Beginning with the line below that contains "Мартин Джуарян —" and ending with the line that contains "Retro Ireland Home", retype every line exactly. Pictures are not copied.

============

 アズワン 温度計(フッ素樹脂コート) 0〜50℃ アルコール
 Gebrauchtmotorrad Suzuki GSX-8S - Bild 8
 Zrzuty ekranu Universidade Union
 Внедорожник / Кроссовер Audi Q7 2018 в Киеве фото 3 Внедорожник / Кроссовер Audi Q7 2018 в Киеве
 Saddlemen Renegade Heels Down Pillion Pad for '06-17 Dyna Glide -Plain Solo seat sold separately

============

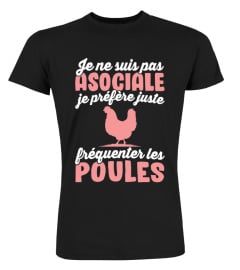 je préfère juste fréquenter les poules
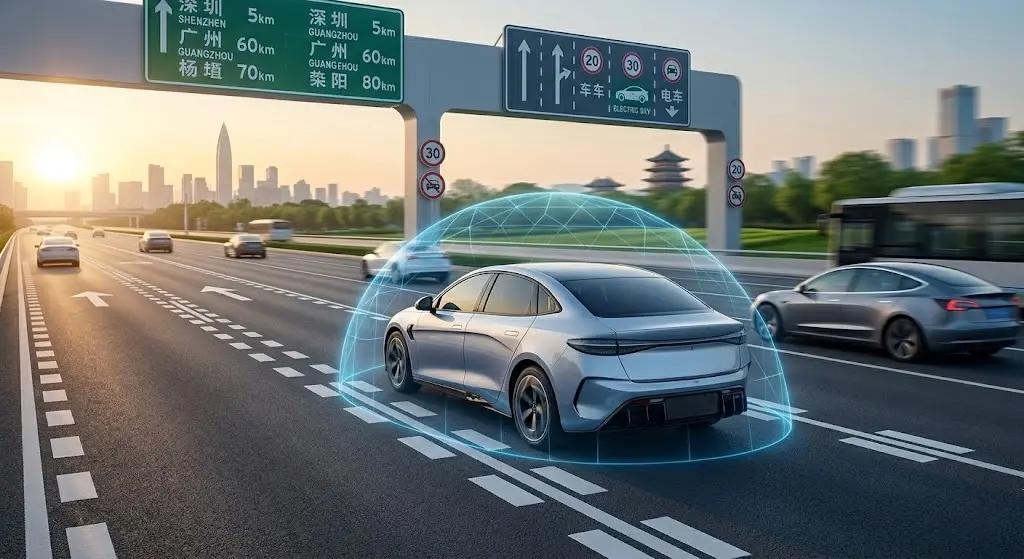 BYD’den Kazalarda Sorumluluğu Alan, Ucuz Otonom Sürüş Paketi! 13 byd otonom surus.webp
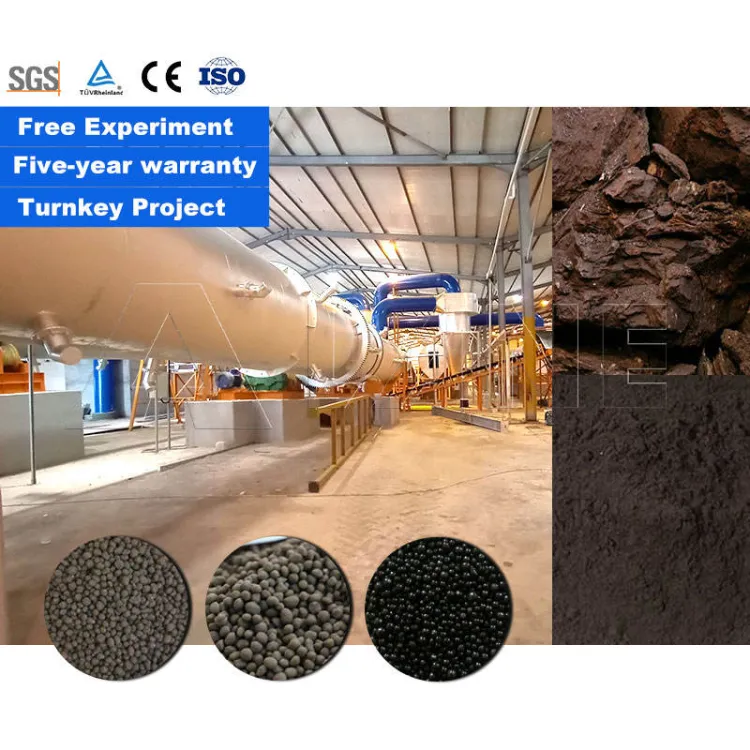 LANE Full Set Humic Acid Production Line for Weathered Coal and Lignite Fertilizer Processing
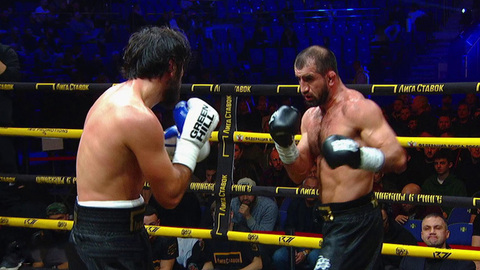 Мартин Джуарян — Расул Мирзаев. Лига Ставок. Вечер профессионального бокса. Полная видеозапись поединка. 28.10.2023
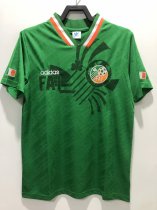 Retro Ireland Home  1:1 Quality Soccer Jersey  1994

============

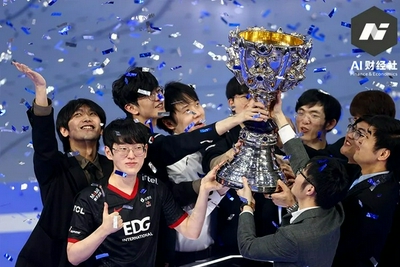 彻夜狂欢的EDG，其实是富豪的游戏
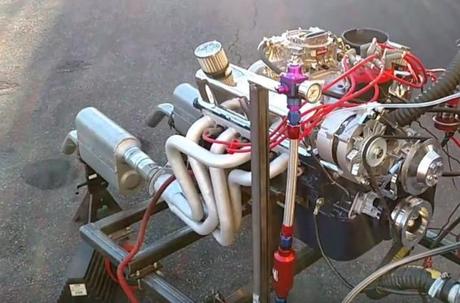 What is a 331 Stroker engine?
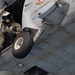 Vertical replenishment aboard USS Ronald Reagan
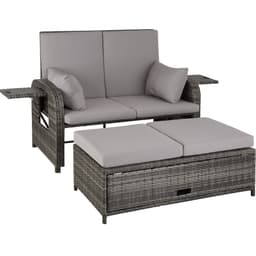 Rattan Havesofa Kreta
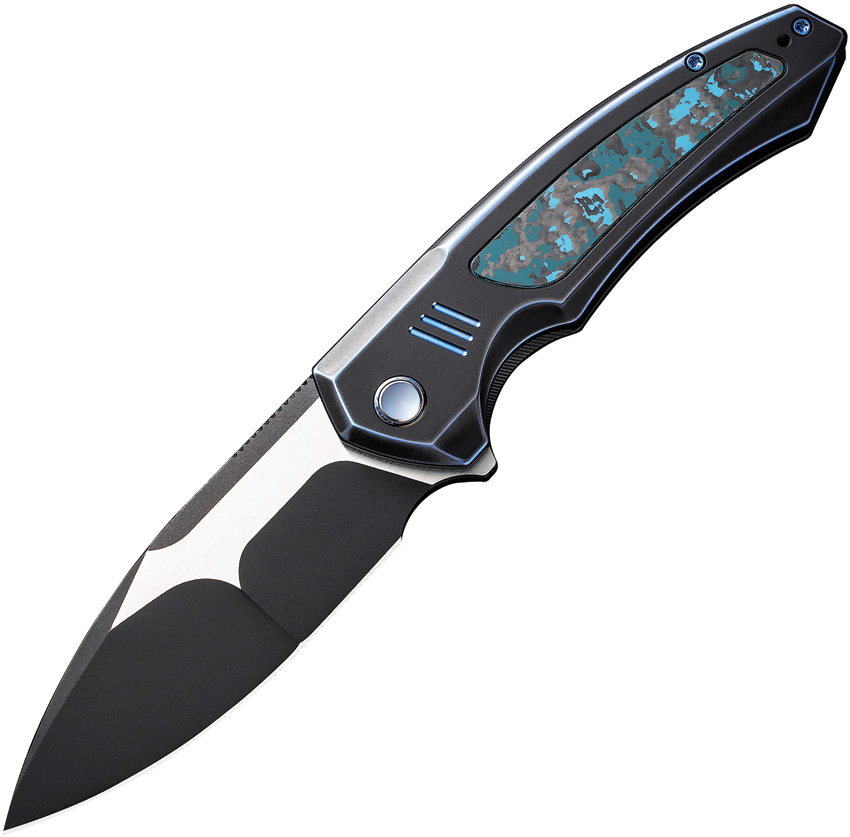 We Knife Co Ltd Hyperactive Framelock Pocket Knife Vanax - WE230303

============

Answer box ->
 Мартин Джуарян — Расул Мирзаев. Лига Ставок. Вечер профессионального бокса. Полная видеозапись поединка. 28.10.2023
 Retro Ireland Home  1:1 Quality Soccer Jersey  1994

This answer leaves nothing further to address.